'I was hoping winter was over'
Lars Lindstrom (Ryan Gosling) is a lonely, emotionally stunted man who lives in the garage of his brother Gus (Paul Schneider) and sister in law Karin's (Emily Mortimer) house. Lars orders an anatomically correct sex doll which he perceives as a real woman named Bianca. In an effort to help Lars with his delusion, Karin and, reluctantly, Gus act as if she is alive as well. Soon, the whole town is in on the act, and Lars finds himself coming out of his shell.
I loved it. I thought that it hit upon a near-perfect balance of comedy and darkness and much of this is down to Ryan Gosling as Lars who, despite the bumfluff 'tache, was such a sweet and loveable character but Gosling also managed to convey his loneliness and isolation without overselling it. His performance was also one of the main reasons that the central premise worked; you just knew that Lars would not be the sort of creep that would buy a sex doll for the usual reasons, a fact that was reinforced by his assertion that Bianca was deeply religious, and this served to heighten the comedy of the people of the town start finding out about the unorthodox relationship in their midst.
Eli Roth-alike Paul Schneider was also superb as Lars' older brother Gus and his almost unwavering skepticism got the most laughs in the cinema I saw it in. More importantly, though, he and Gosling managed to create a real sense that they were two people who loved each other but who still maintained an emotional distance. Gus' comtemplation about his role in Lars' development was affecting but not overwrought, showing a restraint and unwillingness to patronise the audience that ran throughout the whole film.
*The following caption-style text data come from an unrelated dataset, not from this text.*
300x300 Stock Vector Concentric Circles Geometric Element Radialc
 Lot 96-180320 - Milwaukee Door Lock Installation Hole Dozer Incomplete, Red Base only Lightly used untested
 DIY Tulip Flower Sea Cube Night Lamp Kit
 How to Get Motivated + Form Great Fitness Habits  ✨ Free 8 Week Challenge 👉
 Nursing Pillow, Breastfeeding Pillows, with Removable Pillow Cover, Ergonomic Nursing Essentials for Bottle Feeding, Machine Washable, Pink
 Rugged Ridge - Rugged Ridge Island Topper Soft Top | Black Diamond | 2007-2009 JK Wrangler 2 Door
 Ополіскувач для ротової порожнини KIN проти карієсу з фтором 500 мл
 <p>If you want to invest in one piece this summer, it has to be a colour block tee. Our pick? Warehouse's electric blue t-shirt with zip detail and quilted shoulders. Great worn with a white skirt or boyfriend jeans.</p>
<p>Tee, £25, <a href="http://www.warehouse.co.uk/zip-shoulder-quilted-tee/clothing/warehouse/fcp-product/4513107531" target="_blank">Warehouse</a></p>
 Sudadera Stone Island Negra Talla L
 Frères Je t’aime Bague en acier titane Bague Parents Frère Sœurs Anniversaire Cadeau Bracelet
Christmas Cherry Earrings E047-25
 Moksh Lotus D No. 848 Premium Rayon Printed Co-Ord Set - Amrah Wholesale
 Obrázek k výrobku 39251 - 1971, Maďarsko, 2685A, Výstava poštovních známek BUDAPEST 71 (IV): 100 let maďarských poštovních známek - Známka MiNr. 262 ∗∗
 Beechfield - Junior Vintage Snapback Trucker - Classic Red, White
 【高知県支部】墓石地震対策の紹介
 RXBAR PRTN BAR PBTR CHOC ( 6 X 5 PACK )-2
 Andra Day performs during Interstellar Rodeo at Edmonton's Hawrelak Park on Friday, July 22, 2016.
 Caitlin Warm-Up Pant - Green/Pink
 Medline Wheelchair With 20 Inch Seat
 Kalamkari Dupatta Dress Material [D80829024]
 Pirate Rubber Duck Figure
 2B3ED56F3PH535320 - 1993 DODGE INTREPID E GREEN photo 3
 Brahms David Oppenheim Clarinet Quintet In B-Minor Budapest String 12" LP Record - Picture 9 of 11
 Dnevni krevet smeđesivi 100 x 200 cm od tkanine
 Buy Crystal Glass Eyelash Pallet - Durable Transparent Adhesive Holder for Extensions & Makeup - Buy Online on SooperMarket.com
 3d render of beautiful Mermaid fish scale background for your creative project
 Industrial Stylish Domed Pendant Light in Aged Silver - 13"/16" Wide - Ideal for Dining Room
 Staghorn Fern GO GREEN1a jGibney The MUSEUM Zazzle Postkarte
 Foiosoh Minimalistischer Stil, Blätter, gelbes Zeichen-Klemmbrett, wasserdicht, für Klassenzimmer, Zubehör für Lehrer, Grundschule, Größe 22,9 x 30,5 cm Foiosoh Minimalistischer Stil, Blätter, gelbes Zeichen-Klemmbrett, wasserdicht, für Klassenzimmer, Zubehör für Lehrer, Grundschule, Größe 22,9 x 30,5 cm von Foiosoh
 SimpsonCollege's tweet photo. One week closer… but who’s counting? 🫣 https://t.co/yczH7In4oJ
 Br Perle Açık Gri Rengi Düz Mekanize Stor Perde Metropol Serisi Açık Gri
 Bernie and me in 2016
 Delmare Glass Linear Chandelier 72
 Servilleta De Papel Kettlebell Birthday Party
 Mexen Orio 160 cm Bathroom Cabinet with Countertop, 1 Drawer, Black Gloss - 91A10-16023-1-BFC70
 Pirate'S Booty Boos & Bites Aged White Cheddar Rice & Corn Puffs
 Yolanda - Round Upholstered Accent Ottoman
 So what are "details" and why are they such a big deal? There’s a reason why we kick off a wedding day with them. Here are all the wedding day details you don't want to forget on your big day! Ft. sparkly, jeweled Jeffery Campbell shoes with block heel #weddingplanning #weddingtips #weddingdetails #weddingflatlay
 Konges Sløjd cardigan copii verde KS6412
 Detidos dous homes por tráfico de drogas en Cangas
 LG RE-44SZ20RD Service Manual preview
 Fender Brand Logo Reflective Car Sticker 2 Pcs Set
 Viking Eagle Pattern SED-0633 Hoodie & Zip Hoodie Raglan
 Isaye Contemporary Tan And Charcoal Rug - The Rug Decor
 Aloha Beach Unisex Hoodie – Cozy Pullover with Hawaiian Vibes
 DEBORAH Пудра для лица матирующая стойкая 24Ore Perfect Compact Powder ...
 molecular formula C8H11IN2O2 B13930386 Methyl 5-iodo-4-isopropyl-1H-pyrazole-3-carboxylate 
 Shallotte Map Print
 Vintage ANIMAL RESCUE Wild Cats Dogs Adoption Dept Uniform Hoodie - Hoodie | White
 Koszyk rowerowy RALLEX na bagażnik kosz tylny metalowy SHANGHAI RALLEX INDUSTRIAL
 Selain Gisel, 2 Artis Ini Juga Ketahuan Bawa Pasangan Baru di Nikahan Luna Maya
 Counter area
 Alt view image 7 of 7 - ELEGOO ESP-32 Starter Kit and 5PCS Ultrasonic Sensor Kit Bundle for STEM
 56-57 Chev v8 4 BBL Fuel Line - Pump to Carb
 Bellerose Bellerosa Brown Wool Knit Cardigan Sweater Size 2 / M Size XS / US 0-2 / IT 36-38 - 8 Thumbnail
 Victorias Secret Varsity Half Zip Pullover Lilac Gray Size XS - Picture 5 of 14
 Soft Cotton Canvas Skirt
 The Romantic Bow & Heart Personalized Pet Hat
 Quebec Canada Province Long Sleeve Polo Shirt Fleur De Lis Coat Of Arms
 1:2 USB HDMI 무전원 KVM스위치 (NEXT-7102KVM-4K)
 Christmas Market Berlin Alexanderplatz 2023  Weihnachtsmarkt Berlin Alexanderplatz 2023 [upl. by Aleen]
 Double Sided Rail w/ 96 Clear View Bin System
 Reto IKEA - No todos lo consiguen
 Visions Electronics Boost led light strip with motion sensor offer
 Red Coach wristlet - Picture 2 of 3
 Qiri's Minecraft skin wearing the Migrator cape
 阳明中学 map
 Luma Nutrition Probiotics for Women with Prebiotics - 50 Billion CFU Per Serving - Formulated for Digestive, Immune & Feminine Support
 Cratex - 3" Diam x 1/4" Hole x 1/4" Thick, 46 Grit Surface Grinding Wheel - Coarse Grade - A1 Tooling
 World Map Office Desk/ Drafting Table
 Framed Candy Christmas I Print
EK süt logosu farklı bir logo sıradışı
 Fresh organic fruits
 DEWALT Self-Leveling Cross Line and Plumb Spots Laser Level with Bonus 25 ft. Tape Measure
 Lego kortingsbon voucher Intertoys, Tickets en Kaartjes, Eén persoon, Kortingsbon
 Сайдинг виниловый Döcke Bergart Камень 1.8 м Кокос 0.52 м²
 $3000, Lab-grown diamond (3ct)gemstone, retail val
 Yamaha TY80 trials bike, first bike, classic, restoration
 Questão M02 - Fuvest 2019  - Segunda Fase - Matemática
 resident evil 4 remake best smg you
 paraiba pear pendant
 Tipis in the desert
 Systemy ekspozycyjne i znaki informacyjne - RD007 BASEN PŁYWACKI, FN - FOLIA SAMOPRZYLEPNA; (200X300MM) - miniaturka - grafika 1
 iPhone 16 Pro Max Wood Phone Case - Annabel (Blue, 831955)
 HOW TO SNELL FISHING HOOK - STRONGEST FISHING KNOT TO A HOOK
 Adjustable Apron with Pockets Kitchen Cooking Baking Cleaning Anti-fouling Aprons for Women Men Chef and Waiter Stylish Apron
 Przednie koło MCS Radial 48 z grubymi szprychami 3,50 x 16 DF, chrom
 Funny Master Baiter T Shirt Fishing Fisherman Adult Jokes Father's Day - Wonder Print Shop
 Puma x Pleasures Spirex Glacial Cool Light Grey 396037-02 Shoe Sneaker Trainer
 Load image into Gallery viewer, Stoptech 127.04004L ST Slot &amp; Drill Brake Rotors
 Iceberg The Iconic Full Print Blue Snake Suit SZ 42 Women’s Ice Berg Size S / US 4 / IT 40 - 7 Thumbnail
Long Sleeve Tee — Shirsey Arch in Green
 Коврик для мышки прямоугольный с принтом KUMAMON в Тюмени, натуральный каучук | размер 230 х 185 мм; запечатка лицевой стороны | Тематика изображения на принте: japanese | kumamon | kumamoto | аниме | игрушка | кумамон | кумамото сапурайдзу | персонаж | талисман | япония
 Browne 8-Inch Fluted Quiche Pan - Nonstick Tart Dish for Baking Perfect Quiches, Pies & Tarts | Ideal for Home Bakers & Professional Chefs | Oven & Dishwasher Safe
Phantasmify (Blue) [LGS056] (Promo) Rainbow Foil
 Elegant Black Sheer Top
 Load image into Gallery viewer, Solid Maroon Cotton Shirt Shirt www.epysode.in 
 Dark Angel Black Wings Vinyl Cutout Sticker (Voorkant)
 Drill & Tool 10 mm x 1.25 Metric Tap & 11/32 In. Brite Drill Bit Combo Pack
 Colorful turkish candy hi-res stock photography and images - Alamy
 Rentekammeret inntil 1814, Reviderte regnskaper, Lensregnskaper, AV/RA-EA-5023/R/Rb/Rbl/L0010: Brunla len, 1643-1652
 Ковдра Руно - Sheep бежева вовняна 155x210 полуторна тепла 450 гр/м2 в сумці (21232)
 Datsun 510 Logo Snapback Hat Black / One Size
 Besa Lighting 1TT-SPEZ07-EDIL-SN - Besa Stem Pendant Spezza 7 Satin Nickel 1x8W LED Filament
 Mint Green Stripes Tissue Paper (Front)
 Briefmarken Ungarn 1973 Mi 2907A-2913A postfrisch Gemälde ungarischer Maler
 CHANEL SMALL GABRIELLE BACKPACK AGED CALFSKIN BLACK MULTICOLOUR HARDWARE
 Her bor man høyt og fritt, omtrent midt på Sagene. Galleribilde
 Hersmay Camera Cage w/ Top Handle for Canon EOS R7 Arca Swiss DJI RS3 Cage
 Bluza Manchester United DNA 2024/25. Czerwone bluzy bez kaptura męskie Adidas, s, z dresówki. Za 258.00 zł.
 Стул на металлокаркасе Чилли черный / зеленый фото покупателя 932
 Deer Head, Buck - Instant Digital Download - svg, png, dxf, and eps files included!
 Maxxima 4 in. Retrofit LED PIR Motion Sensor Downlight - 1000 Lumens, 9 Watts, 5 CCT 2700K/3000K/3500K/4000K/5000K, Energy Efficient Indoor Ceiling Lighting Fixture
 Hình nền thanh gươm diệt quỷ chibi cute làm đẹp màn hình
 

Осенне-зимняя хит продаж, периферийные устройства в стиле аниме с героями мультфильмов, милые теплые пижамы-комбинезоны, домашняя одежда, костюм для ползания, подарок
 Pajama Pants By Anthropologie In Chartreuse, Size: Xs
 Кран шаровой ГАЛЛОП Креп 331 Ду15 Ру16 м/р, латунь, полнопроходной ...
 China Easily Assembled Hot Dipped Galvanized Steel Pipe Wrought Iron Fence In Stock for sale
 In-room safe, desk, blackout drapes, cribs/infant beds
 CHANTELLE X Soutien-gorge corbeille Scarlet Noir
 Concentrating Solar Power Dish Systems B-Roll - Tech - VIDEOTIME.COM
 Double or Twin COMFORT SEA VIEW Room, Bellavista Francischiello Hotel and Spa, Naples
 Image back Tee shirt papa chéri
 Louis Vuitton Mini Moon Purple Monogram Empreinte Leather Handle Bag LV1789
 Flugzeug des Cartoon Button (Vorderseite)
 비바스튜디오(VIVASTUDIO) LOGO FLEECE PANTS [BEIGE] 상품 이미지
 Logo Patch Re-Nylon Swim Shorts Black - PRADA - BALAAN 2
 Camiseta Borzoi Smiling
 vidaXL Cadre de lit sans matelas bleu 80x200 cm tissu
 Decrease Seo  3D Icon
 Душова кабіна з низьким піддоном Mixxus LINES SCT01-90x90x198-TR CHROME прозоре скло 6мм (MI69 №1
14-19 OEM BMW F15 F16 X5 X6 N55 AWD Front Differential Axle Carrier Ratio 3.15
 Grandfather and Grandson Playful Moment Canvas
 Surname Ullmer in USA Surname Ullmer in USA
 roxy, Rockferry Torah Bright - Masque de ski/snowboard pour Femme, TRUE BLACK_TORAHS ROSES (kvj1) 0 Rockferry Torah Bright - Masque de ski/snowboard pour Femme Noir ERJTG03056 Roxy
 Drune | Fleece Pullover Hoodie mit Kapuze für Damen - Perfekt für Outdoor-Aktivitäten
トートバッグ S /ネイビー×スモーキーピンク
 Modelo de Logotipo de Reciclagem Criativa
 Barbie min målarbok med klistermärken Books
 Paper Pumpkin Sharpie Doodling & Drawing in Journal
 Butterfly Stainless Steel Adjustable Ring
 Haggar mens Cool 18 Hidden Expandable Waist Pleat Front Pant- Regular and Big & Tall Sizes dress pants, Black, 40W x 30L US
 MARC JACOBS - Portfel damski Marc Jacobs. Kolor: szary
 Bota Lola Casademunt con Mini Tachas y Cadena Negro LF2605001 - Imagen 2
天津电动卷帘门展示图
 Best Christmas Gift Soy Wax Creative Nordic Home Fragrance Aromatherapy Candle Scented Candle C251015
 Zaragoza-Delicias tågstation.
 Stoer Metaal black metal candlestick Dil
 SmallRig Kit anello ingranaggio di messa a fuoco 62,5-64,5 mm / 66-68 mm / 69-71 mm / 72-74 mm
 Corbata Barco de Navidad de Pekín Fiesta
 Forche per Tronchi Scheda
Emily Mortimer was also very good and only let her American accent slip once in the film.
My only real criticism would be that the metaphor of ice and winter was overplayed and at times quite heavy-handed. Considering the subtlety of the rest of the film, I found this aspect rather jarring and, though it didn't ruin the film even the slightest jot for me, it was distracting and led to a couple of the film's very rare lulls. The film also falters somewhat in its final third as it points towards the inevitable end but meanders a bit too much in reaching that conclusion.
A few reviews seem to have expected a darker, edgier movie and have called it misogynistic but I think they couldn't be more wrong. Lars and The Real Girl is a sweet, touching and oddly melancholic film that is more human than its plastic co-star would imply. It's, and it pains me to say this, genuinely life-affirming stuff and a wonderful, if odd, fairy tale.
All of this is incidental, though, since the most important thing is that it features 'Genius of Love' by Tom Tom Club, and is therefore glorious.